Enrollment at Lake Superior State has been declining. In early December, the financial ratings agency Standard and Poor’s revised its outlook for the university’s bond rating from “stable” to “negative,” according to the local Sault Ste. Marie Evening News. S&P noted in that decision that the university’s enrollment had declined by 20 percent since 2010 and was down again last year after a slight uptick in 2014.
A university spokesman said, however, that hasn’t been a secret.
“We haven’t been hiding any financial concerns,” said Thomas Pink, director of public relations. “We have had five years of declining enrollment and our employee base has stayed basically the same. We have an obligation to look at that.”
So, Pink said, there is nothing abnormal about that reality playing a part in tenure decisions. “Merit and financial considerations are both taken into account for tenure,” he said. And, as far as the possibility of contract violations raised by the faculty union goes, “whatever the contract outlines, that’s what they would follow.”

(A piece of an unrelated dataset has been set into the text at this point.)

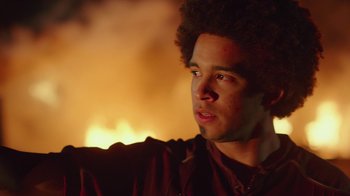 Movie still from “Bumblebee” (2018), directed by Travis Knight – A man with a curly hair is looking to his left; Close Up shot, Over the shoulder angle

Hans-Joerg Tiede, a senior program officer for the American Association of University Professors, said it’s not unheard of for enrollment or finances to play a role in tenure consideration, but universities should make it clear to new hires that that may be the case.
“It is something that does happen,” Tiede said, though he cautioned that he was not familiar with the situation at Lake Superior State University. But, speaking generally, he said AAUP’s concern would be that new faculty members understand up front that what Tiede called “institutional need” could play a role in future tenure or renewal decisions.
“We would expect them to have explained to faculty early in their term at the university that that would be one of the criteria they would be evaluated on,” he said. “But evaluating the specific claims at [Lake Superior State University] would really depend on their specific circumstances.”
The faculty union says it is looking into possible contract violations, and, because two of the faculty association's three probationary faculty members received nonrenewal notices, the Michigan Education Association is investigating "legal action related to retaliation."